### Problem description
Restate word for word the lines in the listing below, starting at the line containing "- Svart Nanocable" and ending at the line containing "Burgundy Floral Press", both included; leave out the rest.

### Supplied material
((

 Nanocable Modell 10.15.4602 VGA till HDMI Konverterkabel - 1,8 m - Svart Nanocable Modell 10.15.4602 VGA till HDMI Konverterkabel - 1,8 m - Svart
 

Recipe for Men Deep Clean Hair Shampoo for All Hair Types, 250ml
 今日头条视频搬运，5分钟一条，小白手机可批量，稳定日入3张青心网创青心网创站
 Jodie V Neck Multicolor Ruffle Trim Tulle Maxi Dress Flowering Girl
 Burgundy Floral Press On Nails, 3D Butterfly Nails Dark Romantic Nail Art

))
((

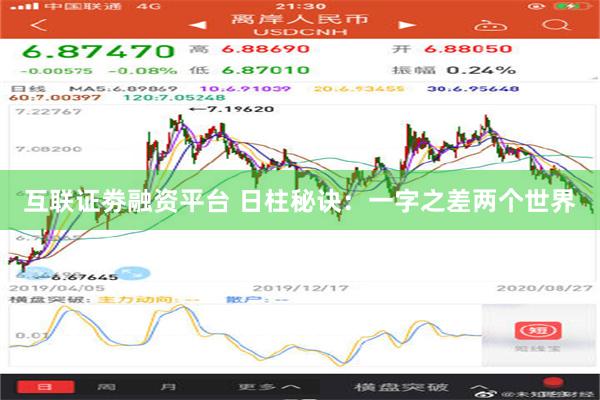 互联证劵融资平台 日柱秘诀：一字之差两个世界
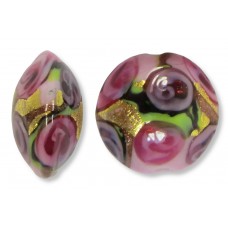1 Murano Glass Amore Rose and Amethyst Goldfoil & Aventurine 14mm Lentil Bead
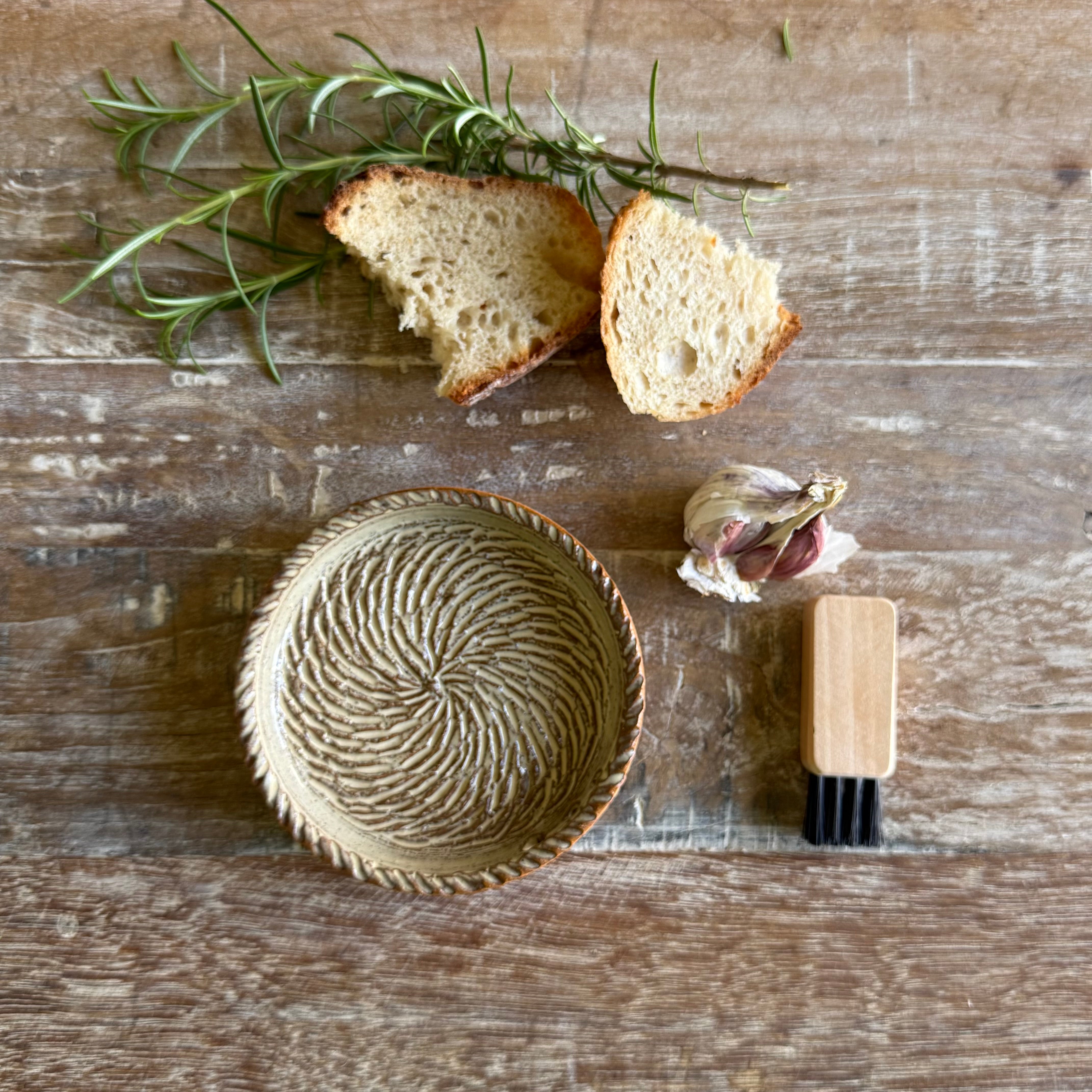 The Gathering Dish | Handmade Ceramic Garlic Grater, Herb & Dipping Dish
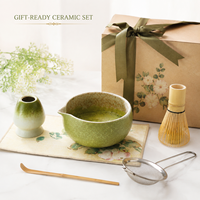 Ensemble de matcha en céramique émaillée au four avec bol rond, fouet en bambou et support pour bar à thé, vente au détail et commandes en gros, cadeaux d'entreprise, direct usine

))

### Completed task
 Nanocable Modell 10.15.4602 VGA till HDMI Konverterkabel - 1,8 m - Svart Nanocable Modell 10.15.4602 VGA till HDMI Konverterkabel - 1,8 m - Svart
 

Recipe for Men Deep Clean Hair Shampoo for All Hair Types, 250ml
 今日头条视频搬运，5分钟一条，小白手机可批量，稳定日入3张青心网创青心网创站
 Jodie V Neck Multicolor Ruffle Trim Tulle Maxi Dress Flowering Girl
 Burgundy Floral Press On Nails, 3D Butterfly Nails Dark Romantic Nail Art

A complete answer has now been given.